Whew, yesterday I got the opportunity to go to our couples ministry at church and when I tell you that the session was heavy ..i’m talking elephant carrying a hippo.

Why? What could have made a meeting about love and serving your spouse feel like the scene of a murder?

This particular class was about the reality of living with a person who is just as broken as you and the inevitable roadblocks that you’ll encounter as you journey through life and the feelings we will face when endeavor to get our needs met via another person.

Before we dive in, how did our church land on such a potentially disheartening topic? We were working through the book – “Families where Grace is in Place” by Jeff VanVonderen. The book goes through and mentions (and we’ve heard it in some or fashion) through life that:

“That no man or woman is powerful enough to provide life and value to their spouse. Spouses weren’t created by God to “fix” spouses.
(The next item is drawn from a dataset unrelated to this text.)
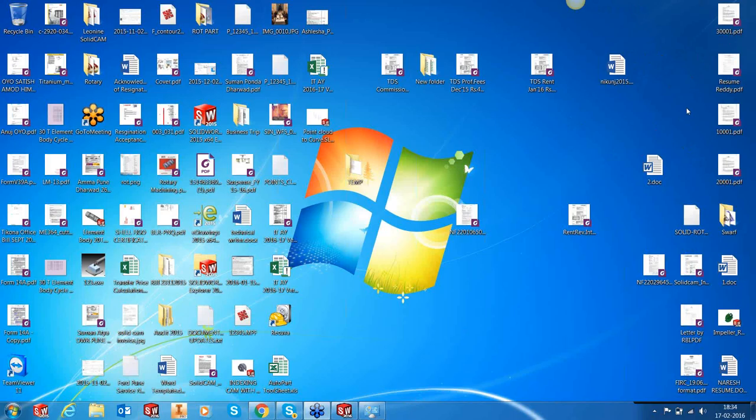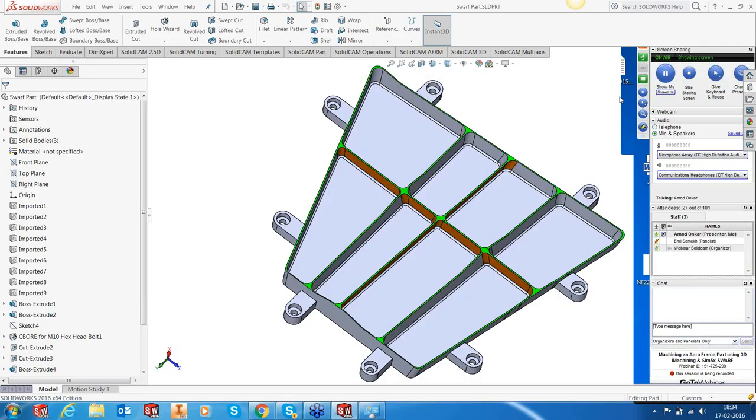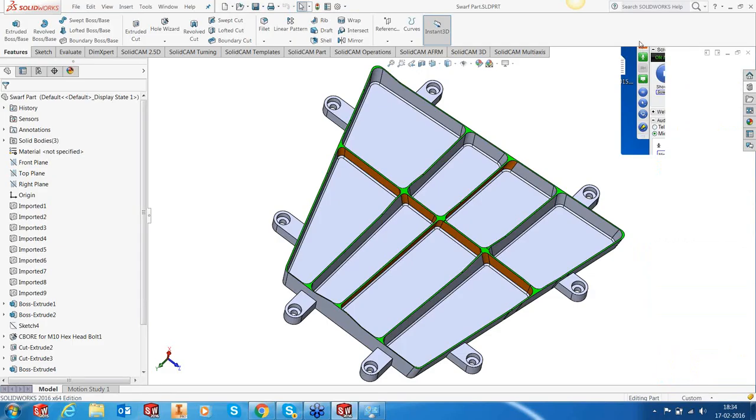Thank you. Welcome everyone for this webinar. Today we are going to have a look at a portion of an aerospace frame. What we have done is I have created a part which looks like one of the aerospace frames, and we'll look at how we machine this effectively using the technologies inside SolidCAM — that's HSR, HSM for simple roughing, iMachining for high-performance milling, and then finishing strategies using swarfing with simultaneous five-axis and also the generic five-axis engine.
Jesus came ot provide life and value to each one of us.”

-Jeff VanVonderen

Basically a relationship in which performance is demanded or expected is a no-win situation for both parties.

I’ll admit in our relationship this was particularly difficult for me to hear. I think this message is always tough for the planner, fixer, or someone who has grown up with the performance model in their family of origin. This probably describes me to a T. I’ve enjoyed some of the benefits of having this performance based model – in that it has pushed me to perform and achieve, which can pay some nice dividends in things like career and finances. However, in the soul deep level of happiness, this approach to life is deeply toxic. This predilection towards performance lends itself to a focus on comparison and not really being able to rest and enjoy the gift of life that God has given. You may also find yourself growing resentful of people attached to you who are not performing up to your standards. This can be absolute kryptonite to a relationship. There is nothing less sexy than an atmosphere of expectation that ushers in a cycle of disappointment and pressure when people don’t perform up to your standards.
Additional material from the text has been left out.